E il grido di dolore di Giusi Nicolini, sindaco di questo pezzo di terra italiana proiettata verso l'Africa, è il grido di chi ogni giorno è costretto dalla sua stessa posizione geografica a tenere un conto che nessun altro, né in Italia né in Europa, vuole tenere.
Un conto che è dovuto anche a ragioni storiche oggettive, che tanti, che oggi invocano misure più severe per l'immigrazione e che cinicamente si ribellano al lutto nazionale, non vogliono riconoscere, spesso perché ignorano completamente questa materia.
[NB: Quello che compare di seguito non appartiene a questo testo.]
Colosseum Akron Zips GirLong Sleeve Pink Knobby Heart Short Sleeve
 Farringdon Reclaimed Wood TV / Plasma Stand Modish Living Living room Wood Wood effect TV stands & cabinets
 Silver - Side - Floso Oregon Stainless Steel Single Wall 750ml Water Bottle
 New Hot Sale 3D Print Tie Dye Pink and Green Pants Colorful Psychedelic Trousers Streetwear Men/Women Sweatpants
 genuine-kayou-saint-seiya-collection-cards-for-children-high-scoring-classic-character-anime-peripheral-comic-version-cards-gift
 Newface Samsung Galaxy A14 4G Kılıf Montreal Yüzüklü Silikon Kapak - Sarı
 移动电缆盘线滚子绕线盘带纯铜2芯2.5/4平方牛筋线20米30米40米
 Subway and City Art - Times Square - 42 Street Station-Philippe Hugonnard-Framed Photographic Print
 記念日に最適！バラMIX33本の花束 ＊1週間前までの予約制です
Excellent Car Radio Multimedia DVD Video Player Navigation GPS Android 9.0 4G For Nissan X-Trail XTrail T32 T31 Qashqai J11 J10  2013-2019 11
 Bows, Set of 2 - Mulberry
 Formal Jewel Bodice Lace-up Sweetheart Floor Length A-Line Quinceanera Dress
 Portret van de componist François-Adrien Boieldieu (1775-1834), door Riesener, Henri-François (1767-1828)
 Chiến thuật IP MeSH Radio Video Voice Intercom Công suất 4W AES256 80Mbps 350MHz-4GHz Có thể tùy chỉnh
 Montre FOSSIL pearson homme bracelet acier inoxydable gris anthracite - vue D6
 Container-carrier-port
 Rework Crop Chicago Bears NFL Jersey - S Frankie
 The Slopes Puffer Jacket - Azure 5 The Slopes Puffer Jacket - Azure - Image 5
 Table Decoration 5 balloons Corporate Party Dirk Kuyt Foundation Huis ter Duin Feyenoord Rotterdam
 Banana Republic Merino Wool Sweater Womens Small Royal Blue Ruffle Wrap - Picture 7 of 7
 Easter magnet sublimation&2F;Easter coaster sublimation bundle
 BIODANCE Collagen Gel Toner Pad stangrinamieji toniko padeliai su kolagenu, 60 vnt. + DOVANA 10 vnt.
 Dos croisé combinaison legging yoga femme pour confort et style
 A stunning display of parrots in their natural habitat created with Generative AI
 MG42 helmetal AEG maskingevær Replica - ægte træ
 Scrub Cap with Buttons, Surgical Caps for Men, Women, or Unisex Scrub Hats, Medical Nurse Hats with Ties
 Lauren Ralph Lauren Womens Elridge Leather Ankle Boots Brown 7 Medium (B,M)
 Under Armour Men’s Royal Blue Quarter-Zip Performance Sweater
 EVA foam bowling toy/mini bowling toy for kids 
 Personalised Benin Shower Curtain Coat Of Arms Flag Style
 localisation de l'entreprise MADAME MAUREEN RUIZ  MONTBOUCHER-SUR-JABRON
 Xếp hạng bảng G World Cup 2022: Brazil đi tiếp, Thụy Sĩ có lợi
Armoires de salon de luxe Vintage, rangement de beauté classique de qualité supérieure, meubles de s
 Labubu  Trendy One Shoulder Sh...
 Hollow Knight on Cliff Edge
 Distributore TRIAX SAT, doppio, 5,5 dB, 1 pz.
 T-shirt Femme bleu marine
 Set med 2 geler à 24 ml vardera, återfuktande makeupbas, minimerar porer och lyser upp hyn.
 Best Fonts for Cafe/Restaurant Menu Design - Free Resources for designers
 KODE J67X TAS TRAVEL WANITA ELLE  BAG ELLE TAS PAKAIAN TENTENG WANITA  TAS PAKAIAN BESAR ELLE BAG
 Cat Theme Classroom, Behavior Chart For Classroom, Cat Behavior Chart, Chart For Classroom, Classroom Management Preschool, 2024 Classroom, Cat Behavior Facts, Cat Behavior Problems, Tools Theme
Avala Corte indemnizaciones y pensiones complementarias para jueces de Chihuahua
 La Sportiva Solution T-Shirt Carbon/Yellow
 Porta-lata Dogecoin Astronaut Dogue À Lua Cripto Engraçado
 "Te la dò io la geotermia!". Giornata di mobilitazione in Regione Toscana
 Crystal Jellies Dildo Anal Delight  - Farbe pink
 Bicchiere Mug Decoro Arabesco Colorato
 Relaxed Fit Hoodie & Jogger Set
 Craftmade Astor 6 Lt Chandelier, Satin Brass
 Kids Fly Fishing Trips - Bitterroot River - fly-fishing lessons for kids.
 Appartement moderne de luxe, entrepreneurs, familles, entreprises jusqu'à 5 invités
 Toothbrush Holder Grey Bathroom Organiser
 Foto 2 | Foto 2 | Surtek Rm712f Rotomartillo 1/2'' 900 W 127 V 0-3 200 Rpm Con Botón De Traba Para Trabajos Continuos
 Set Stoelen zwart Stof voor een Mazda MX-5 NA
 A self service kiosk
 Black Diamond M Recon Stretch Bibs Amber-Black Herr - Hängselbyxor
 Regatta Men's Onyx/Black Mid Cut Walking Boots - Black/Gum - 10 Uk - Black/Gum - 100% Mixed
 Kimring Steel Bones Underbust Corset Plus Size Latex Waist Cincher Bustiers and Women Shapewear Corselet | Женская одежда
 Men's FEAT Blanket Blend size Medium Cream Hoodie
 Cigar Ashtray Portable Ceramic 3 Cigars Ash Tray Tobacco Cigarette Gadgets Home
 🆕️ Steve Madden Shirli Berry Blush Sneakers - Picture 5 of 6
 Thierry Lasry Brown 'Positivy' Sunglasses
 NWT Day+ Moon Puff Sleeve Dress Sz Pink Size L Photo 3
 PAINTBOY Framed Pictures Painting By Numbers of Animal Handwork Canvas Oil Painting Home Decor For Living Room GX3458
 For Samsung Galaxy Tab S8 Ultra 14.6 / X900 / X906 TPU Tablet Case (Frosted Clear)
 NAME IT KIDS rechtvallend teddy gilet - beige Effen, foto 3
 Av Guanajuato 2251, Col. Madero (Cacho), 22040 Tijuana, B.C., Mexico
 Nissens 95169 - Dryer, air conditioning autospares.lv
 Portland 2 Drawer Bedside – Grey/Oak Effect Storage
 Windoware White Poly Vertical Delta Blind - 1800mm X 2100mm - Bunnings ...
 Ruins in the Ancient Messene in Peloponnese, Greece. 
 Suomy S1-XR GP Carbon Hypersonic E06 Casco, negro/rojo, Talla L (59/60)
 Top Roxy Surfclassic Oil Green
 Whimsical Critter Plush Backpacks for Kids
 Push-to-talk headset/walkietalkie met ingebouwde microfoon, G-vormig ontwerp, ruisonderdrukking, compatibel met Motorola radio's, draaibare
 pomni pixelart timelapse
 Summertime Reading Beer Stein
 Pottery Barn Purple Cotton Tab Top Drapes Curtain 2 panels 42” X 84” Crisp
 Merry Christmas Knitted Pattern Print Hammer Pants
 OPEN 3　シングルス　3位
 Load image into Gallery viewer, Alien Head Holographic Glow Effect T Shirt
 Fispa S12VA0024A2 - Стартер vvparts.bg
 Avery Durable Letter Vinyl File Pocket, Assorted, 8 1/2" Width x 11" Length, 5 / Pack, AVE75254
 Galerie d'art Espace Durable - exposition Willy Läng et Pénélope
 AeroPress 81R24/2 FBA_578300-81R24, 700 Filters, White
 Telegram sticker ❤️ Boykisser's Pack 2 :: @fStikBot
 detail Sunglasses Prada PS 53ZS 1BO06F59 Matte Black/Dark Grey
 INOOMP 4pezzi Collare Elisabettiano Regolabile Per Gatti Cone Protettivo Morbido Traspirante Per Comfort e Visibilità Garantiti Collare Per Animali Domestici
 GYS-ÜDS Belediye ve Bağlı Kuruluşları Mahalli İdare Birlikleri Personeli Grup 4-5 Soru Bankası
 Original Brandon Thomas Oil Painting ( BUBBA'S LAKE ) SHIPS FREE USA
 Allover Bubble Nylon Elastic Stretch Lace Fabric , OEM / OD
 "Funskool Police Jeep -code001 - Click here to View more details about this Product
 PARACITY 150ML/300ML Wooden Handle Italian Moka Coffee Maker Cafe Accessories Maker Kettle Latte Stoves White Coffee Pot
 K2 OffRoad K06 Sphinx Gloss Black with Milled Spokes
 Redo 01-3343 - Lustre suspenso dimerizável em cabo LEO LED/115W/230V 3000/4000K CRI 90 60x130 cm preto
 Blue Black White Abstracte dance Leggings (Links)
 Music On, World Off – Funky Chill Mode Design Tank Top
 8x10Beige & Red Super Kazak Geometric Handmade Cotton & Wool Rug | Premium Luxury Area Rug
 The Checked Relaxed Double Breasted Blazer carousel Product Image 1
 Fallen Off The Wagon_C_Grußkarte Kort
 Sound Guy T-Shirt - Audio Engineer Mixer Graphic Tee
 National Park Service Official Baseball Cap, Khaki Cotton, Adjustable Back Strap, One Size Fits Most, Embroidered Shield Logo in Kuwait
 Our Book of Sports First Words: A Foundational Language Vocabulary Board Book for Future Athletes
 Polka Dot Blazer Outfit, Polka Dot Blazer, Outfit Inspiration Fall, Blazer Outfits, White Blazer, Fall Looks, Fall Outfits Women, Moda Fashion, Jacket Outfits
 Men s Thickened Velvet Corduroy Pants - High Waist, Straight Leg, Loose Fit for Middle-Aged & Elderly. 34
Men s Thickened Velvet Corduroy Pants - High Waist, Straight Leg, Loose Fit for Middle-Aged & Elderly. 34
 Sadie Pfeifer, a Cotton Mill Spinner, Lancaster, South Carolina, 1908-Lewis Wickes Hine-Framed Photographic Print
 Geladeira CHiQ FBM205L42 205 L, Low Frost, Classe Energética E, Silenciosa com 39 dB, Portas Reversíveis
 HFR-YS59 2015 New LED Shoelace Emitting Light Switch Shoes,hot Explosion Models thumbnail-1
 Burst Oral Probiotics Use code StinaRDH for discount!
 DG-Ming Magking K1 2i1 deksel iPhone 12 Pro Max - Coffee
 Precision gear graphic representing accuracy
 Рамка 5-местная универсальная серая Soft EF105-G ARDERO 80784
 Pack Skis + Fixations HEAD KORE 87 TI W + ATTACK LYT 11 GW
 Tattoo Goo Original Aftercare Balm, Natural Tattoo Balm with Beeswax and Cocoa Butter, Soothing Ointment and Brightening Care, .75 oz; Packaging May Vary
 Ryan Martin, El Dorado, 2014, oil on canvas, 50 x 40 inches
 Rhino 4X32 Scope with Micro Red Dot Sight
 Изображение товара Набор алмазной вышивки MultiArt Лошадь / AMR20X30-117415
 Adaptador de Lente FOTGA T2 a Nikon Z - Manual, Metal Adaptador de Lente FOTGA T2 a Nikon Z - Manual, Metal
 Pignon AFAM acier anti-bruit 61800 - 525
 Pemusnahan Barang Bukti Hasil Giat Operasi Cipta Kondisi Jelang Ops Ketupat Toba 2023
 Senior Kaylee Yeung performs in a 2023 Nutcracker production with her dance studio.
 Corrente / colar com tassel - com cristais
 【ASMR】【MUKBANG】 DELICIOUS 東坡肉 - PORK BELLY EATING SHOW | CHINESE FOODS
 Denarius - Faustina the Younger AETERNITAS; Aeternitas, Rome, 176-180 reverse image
I regimi dittatoriali da cui questa gente scappa sono stati spesso foraggiati dai nostri governi democratici, che li hanno trattati come pezzi da gioco su di uno scacchiere dove abbiamo fatto le nostre mosse a nostro vantaggio, disinteressandoci completamente di quello che poi succedeva entro i confini di quelle pedine.
Quella ricchezza che, secondo molti, i migranti sognano di rubarci venendo qui, in effetti, ha buona parte delle sue radici nei loro Paesi, che le nostre aziende, siano o meno multinazionali, hanno saccheggiato e saccheggiano impunemente grazie alla connivenza con i regimi di cui sopra.
Gli armamenti con cui si combattono le migliaia di guerre grandi e piccole nei territori da cui questa gente scappa sono prodotti in Europa e negli Stati Uniti e in Russia, e sono venduti ai loro legittimi governi dai nostri legittimi, e ai loro terroristi dai nostri trafficanti criminali.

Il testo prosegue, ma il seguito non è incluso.